▶ **YOUR TASK**:
Please write out all the data exactly as shown.

▶ **MATERIAL SUPPLIED**:
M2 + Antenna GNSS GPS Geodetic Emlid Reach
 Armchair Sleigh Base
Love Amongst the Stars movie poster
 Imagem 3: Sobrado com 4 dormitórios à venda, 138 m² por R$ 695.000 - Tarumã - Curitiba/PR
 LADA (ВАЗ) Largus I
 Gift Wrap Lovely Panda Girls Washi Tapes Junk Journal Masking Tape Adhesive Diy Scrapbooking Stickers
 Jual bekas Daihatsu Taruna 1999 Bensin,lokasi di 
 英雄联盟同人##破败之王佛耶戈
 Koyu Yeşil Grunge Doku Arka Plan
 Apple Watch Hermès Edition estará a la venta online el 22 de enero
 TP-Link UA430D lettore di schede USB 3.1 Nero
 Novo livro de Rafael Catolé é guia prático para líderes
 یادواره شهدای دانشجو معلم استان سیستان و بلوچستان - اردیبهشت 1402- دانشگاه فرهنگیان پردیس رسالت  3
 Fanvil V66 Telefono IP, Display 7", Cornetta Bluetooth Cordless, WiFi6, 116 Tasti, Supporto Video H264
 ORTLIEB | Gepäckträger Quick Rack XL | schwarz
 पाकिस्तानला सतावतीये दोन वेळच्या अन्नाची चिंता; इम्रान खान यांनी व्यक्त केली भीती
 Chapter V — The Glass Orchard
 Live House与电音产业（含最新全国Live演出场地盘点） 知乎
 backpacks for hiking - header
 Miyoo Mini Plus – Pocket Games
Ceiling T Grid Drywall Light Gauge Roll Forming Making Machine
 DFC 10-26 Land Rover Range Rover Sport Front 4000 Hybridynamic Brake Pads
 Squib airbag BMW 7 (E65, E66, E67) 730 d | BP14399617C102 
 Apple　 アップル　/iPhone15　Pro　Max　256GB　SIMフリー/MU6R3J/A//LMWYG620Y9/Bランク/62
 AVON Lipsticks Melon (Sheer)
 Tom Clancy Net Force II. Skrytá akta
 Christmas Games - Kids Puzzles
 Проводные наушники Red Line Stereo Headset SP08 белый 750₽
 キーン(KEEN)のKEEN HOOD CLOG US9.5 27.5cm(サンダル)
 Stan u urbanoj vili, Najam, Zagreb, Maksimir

▶ **EXERCISE RESPONSE**:
M2 + Antenna GNSS GPS Geodetic Emlid Reach
 Armchair Sleigh Base
Love Amongst the Stars movie poster
 Imagem 3: Sobrado com 4 dormitórios à venda, 138 m² por R$ 695.000 - Tarumã - Curitiba/PR
 LADA (ВАЗ) Largus I
 Gift Wrap Lovely Panda Girls Washi Tapes Junk Journal Masking Tape Adhesive Diy Scrapbooking Stickers
 Jual bekas Daihatsu Taruna 1999 Bensin,lokasi di 
 英雄联盟同人##破败之王佛耶戈
 Koyu Yeşil Grunge Doku Arka Plan
 Apple Watch Hermès Edition estará a la venta online el 22 de enero
 TP-Link UA430D lettore di schede USB 3.1 Nero
 Novo livro de Rafael Catolé é guia prático para líderes
 یادواره شهدای دانشجو معلم استان سیستان و بلوچستان - اردیبهشت 1402- دانشگاه فرهنگیان پردیس رسالت  3
 Fanvil V66 Telefono IP, Display 7", Cornetta Bluetooth Cordless, WiFi6, 116 Tasti, Supporto Video H264
 ORTLIEB | Gepäckträger Quick Rack XL | schwarz
 पाकिस्तानला सतावतीये दोन वेळच्या अन्नाची चिंता; इम्रान खान यांनी व्यक्त केली भीती
 Chapter V — The Glass Orchard
 Live House与电音产业（含最新全国Live演出场地盘点） 知乎
 backpacks for hiking - header
 Miyoo Mini Plus – Pocket Games
Ceiling T Grid Drywall Light Gauge Roll Forming Making Machine
 DFC 10-26 Land Rover Range Rover Sport Front 4000 Hybridynamic Brake Pads
 Squib airbag BMW 7 (E65, E66, E67) 730 d | BP14399617C102 
 Apple　 アップル　/iPhone15　Pro　Max　256GB　SIMフリー/MU6R3J/A//LMWYG620Y9/Bランク/62
 AVON Lipsticks Melon (Sheer)
 Tom Clancy Net Force II. Skrytá akta
 Christmas Games - Kids Puzzles
 Проводные наушники Red Line Stereo Headset SP08 белый 750₽
 キーン(KEEN)のKEEN HOOD CLOG US9.5 27.5cm(サンダル)
 Stan u urbanoj vili, Najam, Zagreb, Maksimir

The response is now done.